DIRECTIONS ▸
In your copy of the data, omit the pictures and keep all else exactly as given.

MATERIAL FOR THIS TASK ▸
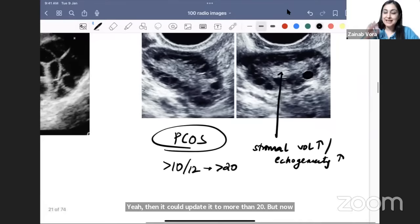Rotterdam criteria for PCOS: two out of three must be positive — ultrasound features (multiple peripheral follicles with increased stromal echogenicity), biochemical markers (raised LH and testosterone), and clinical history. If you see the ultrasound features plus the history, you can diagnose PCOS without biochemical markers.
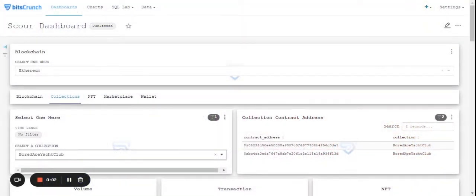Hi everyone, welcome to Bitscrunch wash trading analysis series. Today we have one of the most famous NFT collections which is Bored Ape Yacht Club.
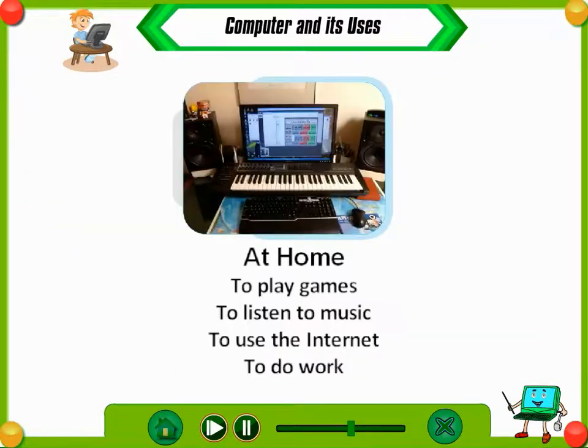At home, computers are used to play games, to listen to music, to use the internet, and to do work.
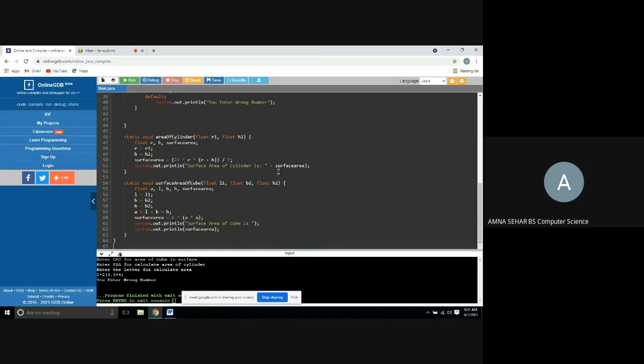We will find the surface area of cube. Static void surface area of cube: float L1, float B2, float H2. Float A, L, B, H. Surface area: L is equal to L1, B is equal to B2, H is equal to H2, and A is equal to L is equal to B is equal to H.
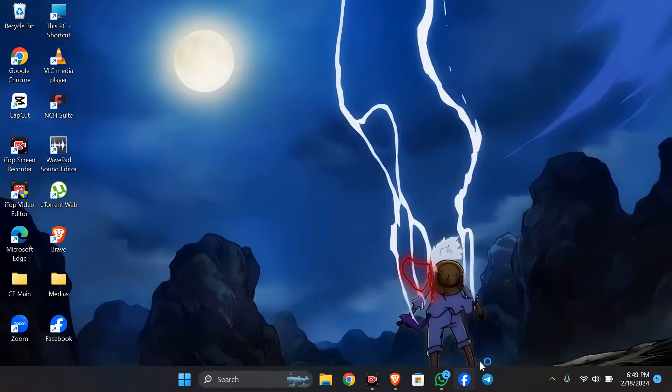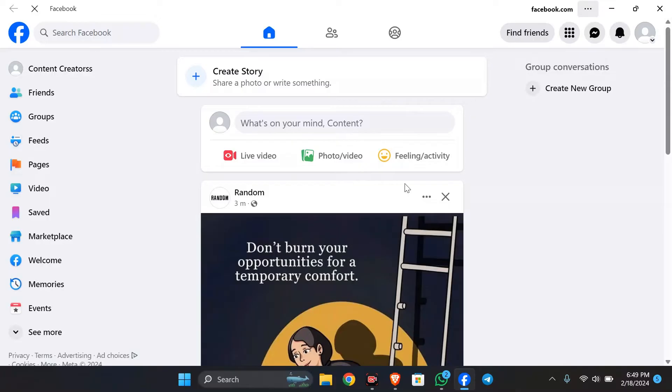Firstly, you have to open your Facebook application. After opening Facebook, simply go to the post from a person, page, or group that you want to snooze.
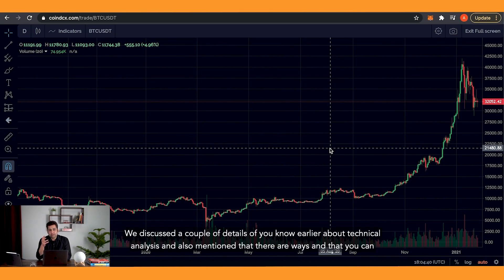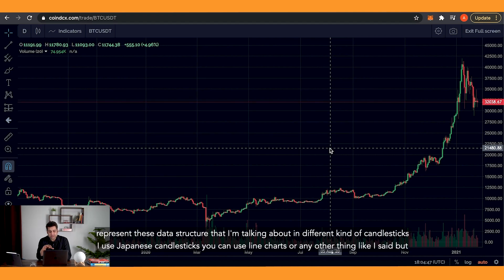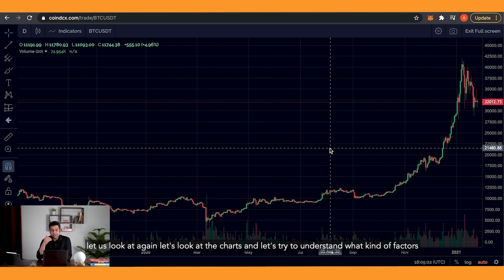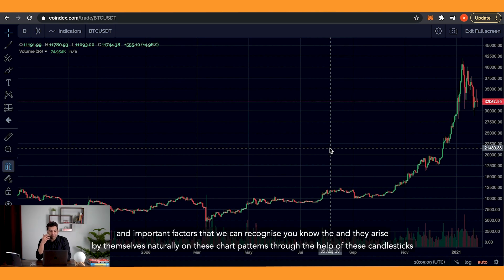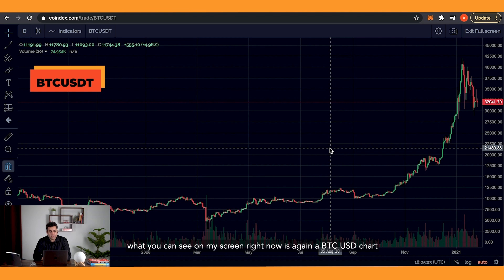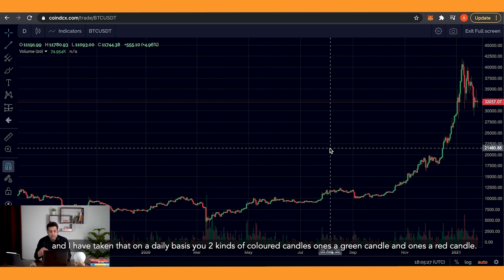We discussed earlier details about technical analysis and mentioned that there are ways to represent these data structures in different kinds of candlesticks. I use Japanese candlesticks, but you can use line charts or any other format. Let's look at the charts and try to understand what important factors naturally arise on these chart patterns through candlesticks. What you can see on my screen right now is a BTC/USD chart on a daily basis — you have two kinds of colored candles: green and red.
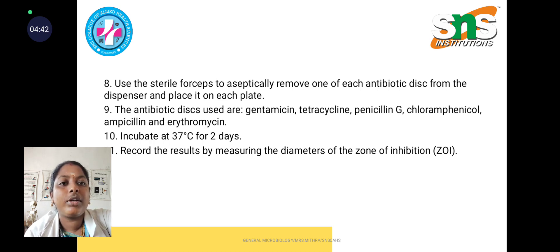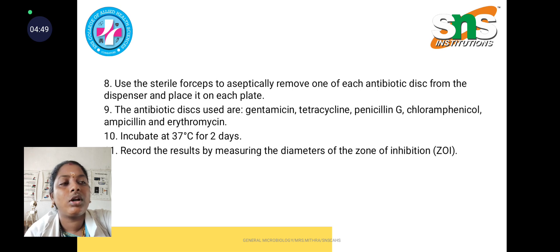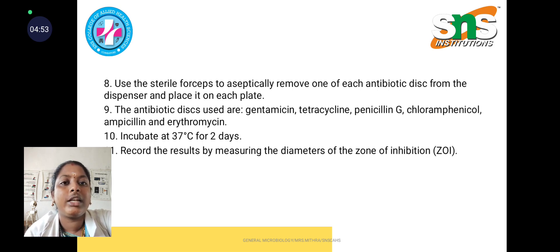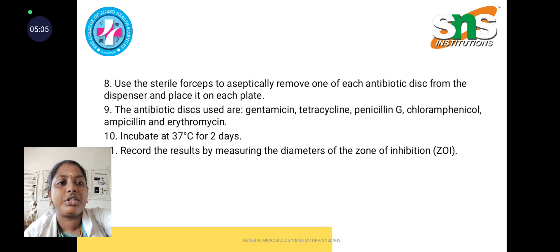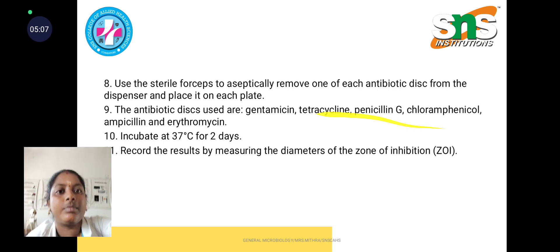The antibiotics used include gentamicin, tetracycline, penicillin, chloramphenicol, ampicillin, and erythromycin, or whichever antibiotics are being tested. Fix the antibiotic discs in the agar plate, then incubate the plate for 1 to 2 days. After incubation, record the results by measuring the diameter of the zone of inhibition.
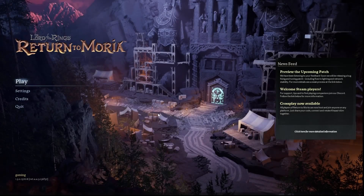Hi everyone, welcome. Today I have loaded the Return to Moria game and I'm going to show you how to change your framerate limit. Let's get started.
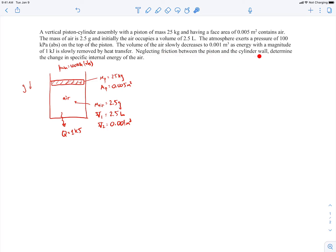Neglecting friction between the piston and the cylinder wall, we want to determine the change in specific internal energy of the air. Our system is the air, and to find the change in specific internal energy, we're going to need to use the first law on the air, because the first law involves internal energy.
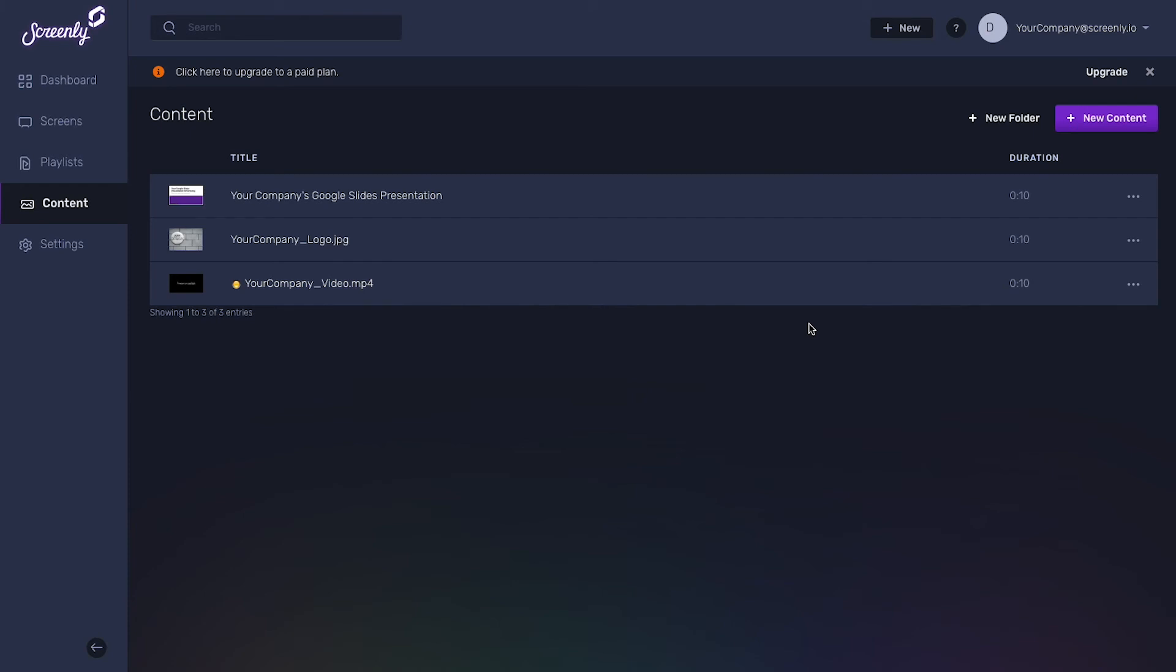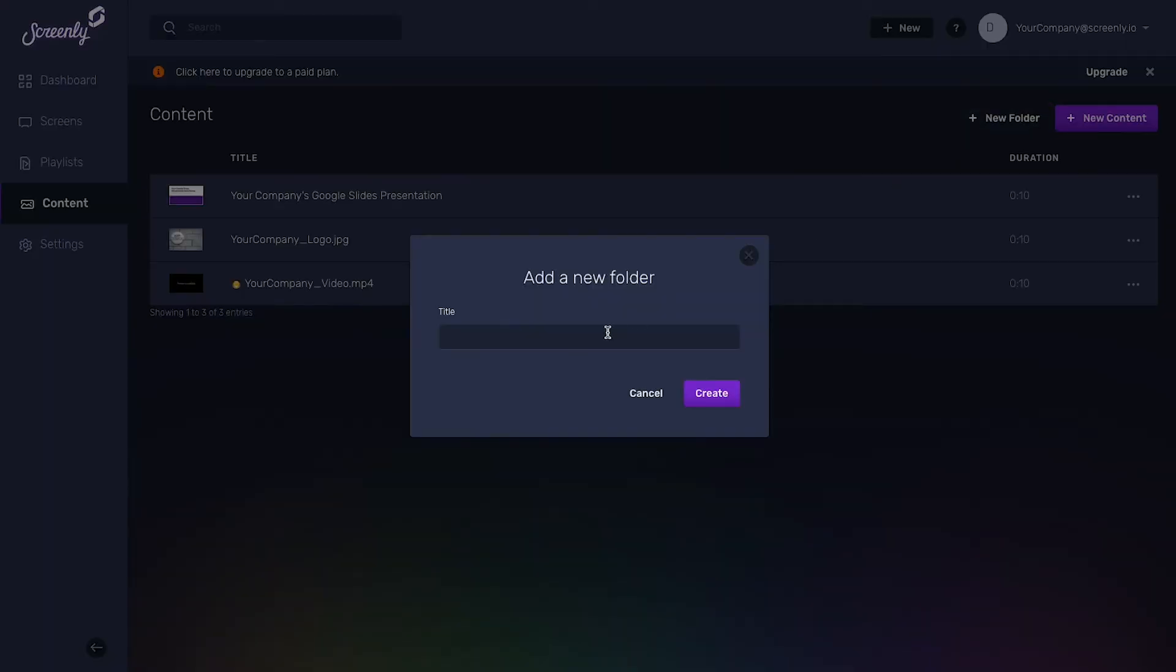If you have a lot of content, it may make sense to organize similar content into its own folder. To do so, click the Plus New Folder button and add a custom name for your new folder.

RESPONSE TO THE EXERCISE ▸
Rotterdam criteria for PCOS: two out of three must be positive — ultrasound features (multiple peripheral follicles with increased stromal echogenicity), biochemical markers (raised LH and testosterone), and clinical history. If you see the ultrasound features plus the history, you can diagnose PCOS without biochemical markers.
Hi everyone, welcome to Bitscrunch wash trading analysis series. Today we have one of the most famous NFT collections which is Bored Ape Yacht Club.
At home, computers are used to play games, to listen to music, to use the internet, and to do work.
We will find the surface area of cube. Static void surface area of cube: float L1, float B2, float H2. Float A, L, B, H. Surface area: L is equal to L1, B is equal to B2, H is equal to H2, and A is equal to L is equal to B is equal to H.
Firstly, you have to open your Facebook application. After opening Facebook, simply go to the post from a person, page, or group that you want to snooze.
We discussed earlier details about technical analysis and mentioned that there are ways to represent these data structures in different kinds of candlesticks. I use Japanese candlesticks, but you can use line charts or any other format. Let's look at the charts and try to understand what important factors naturally arise on these chart patterns through candlesticks. What you can see on my screen right now is a BTC/USD chart on a daily basis — you have two kinds of colored candles: green and red.
The antibiotics used include gentamicin, tetracycline, penicillin, chloramphenicol, ampicillin, and erythromycin, or whichever antibiotics are being tested. Fix the antibiotic discs in the agar plate, then incubate the plate for 1 to 2 days. After incubation, record the results by measuring the diameter of the zone of inhibition.
Hi everyone, welcome. Today I have loaded the Return to Moria game and I'm going to show you how to change your framerate limit. Let's get started.
Neglecting friction between the piston and the cylinder wall, we want to determine the change in specific internal energy of the air. Our system is the air, and to find the change in specific internal energy, we're going to need to use the first law on the air, because the first law involves internal energy.
If you have a lot of content, it may make sense to organize similar content into its own folder. To do so, click the Plus New Folder button and add a custom name for your new folder.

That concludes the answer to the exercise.